When a Florida couple is planning a wedding, it can be difficult to think about anything beyond the wedding day itself. The excitement over wedding plans and starting life together can sometimes prevent a couple from thinking about the future and protecting long-term financial interests.
One of the most common ways for a couple to protect their individual interests before they even tie the knot is to draft a prenuptial agreement. This is not planning on the marriage to fail, but is simply a way to have security for the future. If you decide that this is the right option for you, make sure your prenuptial agreement is strong enough to withstand any scrutiny or disputes in the future.
What should be in your prenuptial agreement?
The intent of a prenuptial agreement is to eliminate legal disputes over certain property and assets in case of a divorce. This can allow one party to secure protections over a certain asset or outline how they wish property division to work during a divorce. Your prenuptial agreement may determine issues such as division of marital debts, division of community property and more.

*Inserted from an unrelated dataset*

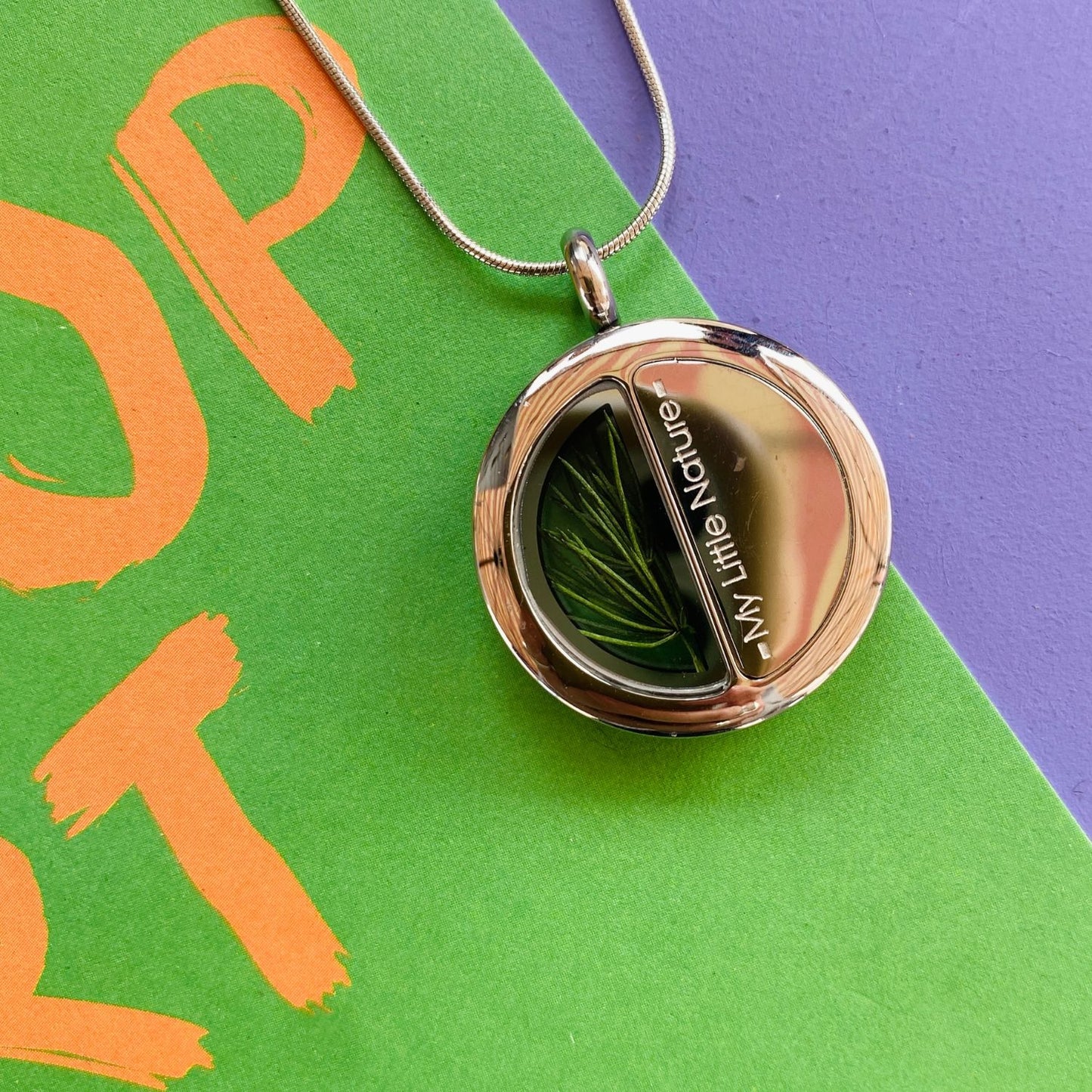 Duality pendant necklace with pine needles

Making sure you have a strong prenuptial agreement
There are few missteps and mistakes you would be prudent to avoid as you consider the terms of your prenuptial agreement. When there are problems, discrepancies or legal issues found with the prenuptial agreement, it can result in its partial or complete invalidation. Some factors that could compromise the validity of your prenuptial agreement include:
- The prenuptial agreement is not in writing.
- Both parties were not aware of all of the terms before signing.
- One party claims he or she experienced pressure to sign it.
- There was no time for consideration.
- The provisions in the agreement are illegal or invalid.
- Both parties did not have independent counsel to review the agreement before signing.
It’s crucial to ensure that the terms of your agreement are appropriate and that no mistakes happened in its drafting or signing. If a dispute arises during a divorce, your care and vigilance could make all the difference.
Drafting a prenuptial agreement is not something only reserved for the very wealthy or those with significantly valuable assets. This is a step for all individuals who wish to be proactive in protecting their assets and simplifying a potential future divorce.